▶ **PROBLEM**
Pictures stay out. All the rest of the records must be repeated exactly.

▶ **MATERIAL FOR THE TASK**
=== Section Start ===
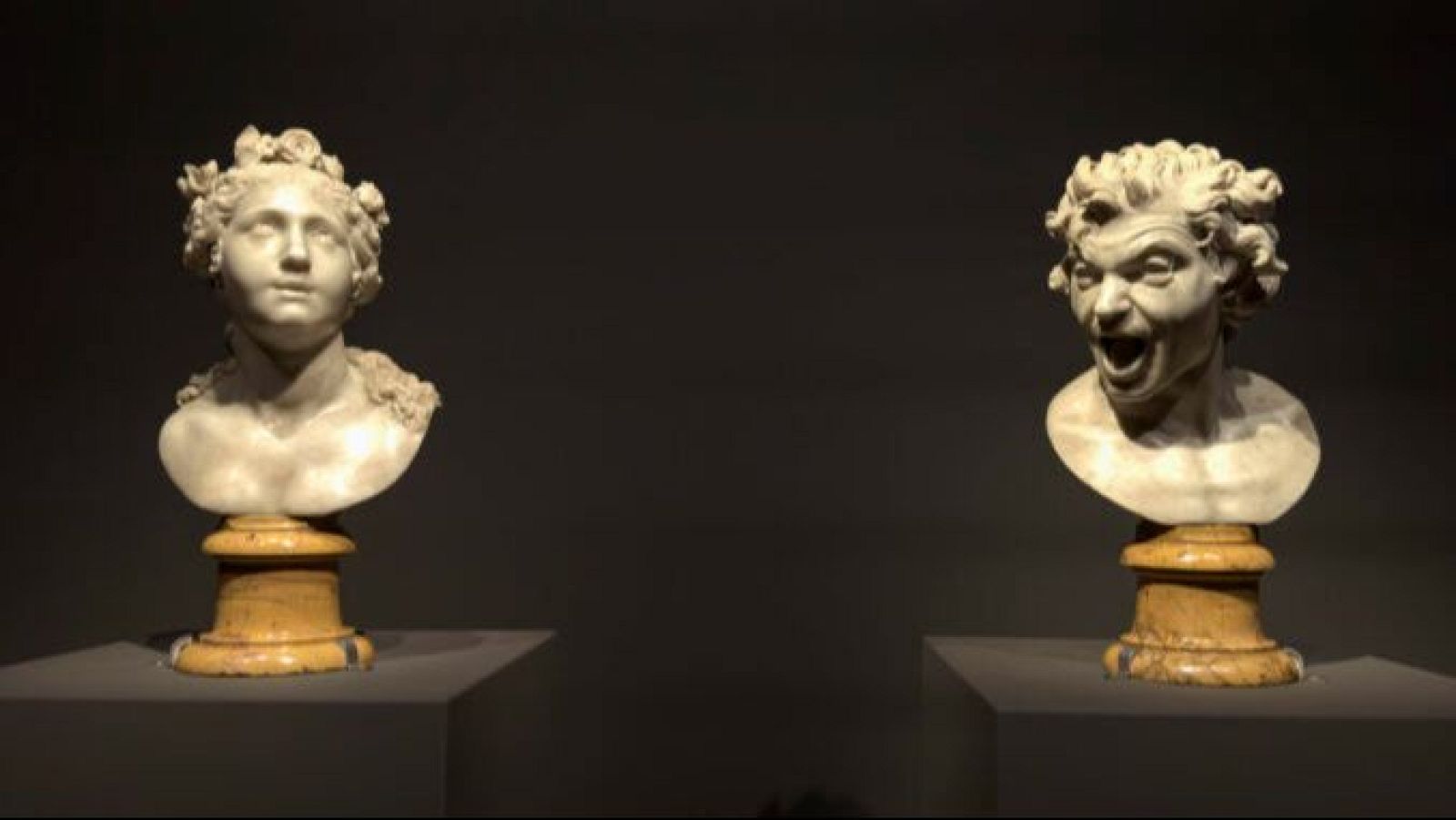 'Las ánimas de Bernini', expuestas en los Museos del Vaticano | Ver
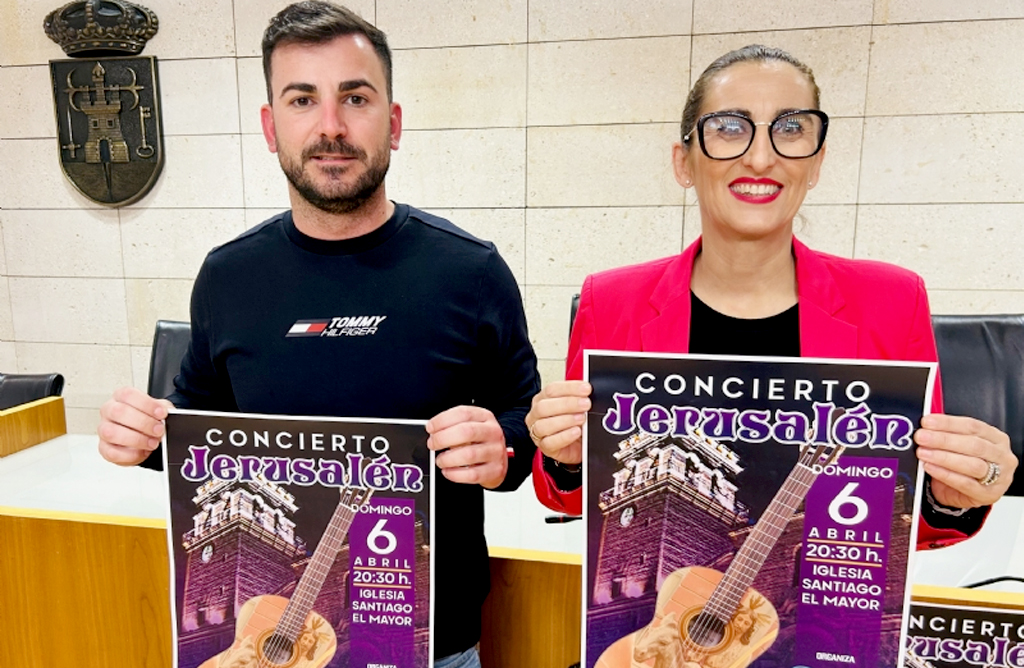 La Asociacin Pulso, Pa y Pasin protagonizar este domingo el Concierto Jerusaln 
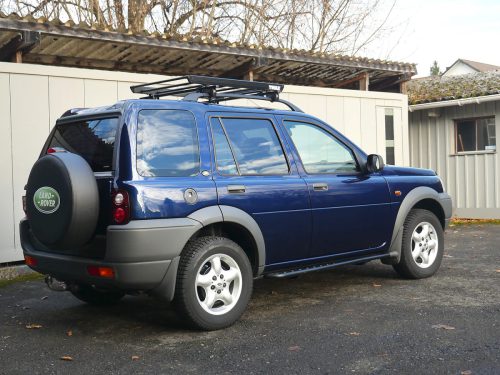 land rover freelander 1.6 blau 2001 0007 8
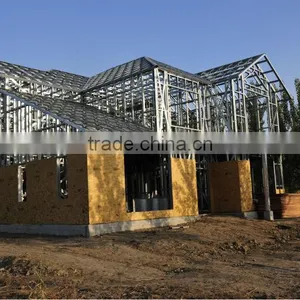 Cheap Portable Houses Luxury Prefab Steel Villa Prefabricated Living Houses thumbnail-6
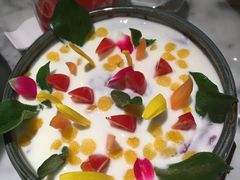 盆栽紫薯沙拉-雀蓝川菜(奥体广场店)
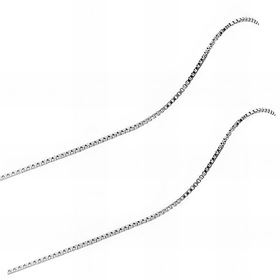 Foto de 20-VD19X50 - CADENA PLATA VENECIANA 1MMX50CM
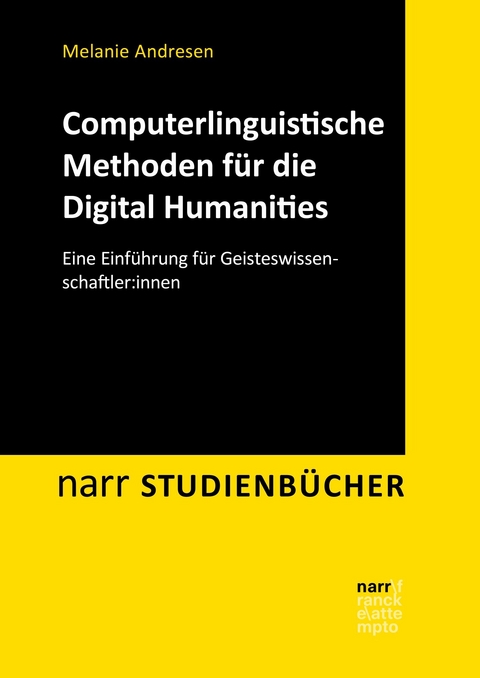 Computerlinguistische Methoden für die Digital Humanities -  Melanie Andresen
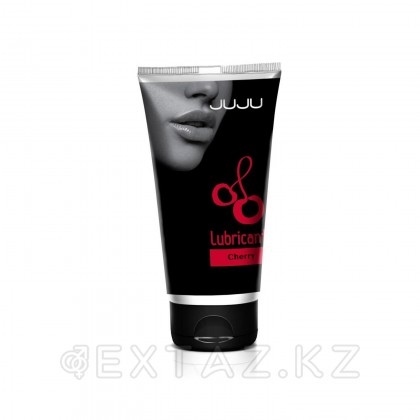 Съедобный лубрикант JUJU со вкусом вишни  50 мл от sex shop Extaz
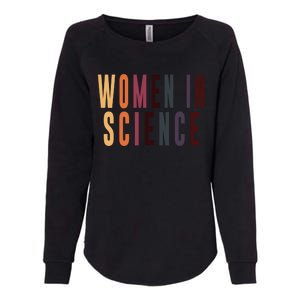 In Science Biology Chemistry Physics Major Engineering Funny Gift Womens California Wash Sweatshirt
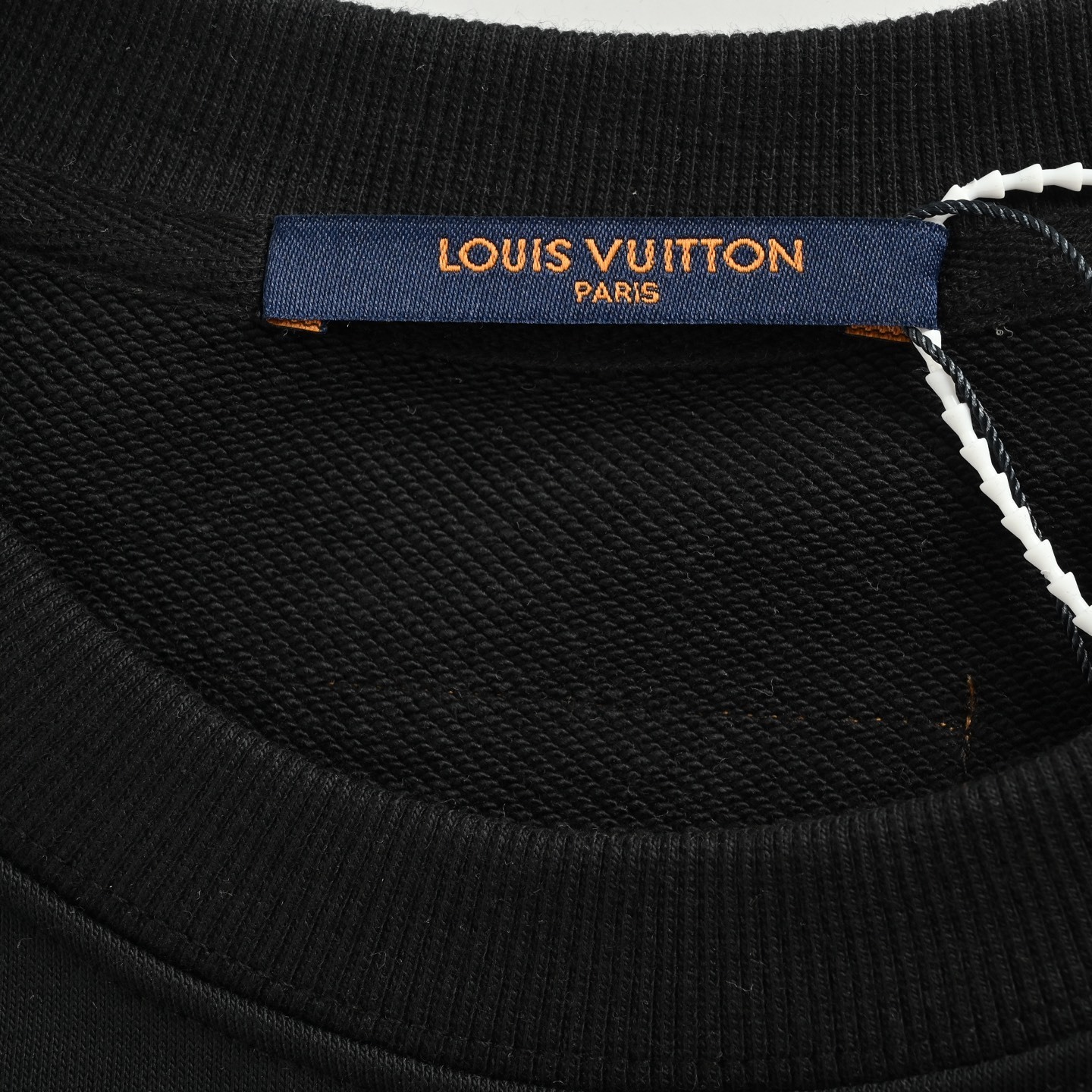 Louis Vuitton 25Fw monogram gradient print crew neck sweatshirt
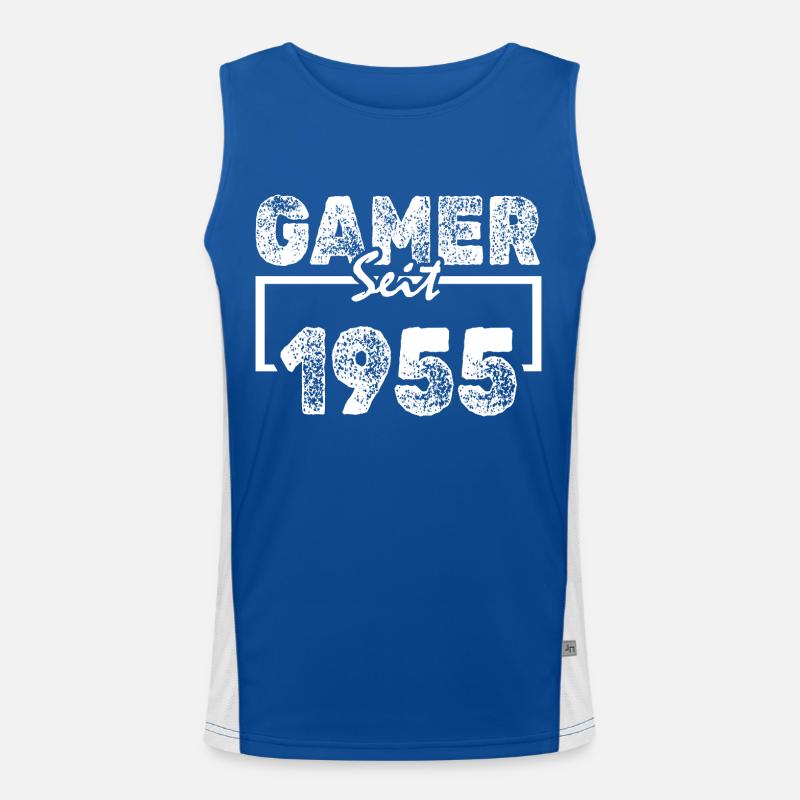 1955 Men's Functional Contrast Tank Top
=== Section End ===
▶ **EXERCISE RESULT**
 'Las ánimas de Bernini', expuestas en los Museos del Vaticano | Ver
 La Asociacin Pulso, Pa y Pasin protagonizar este domingo el Concierto Jerusaln 
 land rover freelander 1.6 blau 2001 0007 8
 Cheap Portable Houses Luxury Prefab Steel Villa Prefabricated Living Houses thumbnail-6
 盆栽紫薯沙拉-雀蓝川菜(奥体广场店)
 Foto de 20-VD19X50 - CADENA PLATA VENECIANA 1MMX50CM
 Computerlinguistische Methoden für die Digital Humanities -  Melanie Andresen
 Съедобный лубрикант JUJU со вкусом вишни  50 мл от sex shop Extaz
 In Science Biology Chemistry Physics Major Engineering Funny Gift Womens California Wash Sweatshirt
 Louis Vuitton 25Fw monogram gradient print crew neck sweatshirt
 1955 Men's Functional Contrast Tank Top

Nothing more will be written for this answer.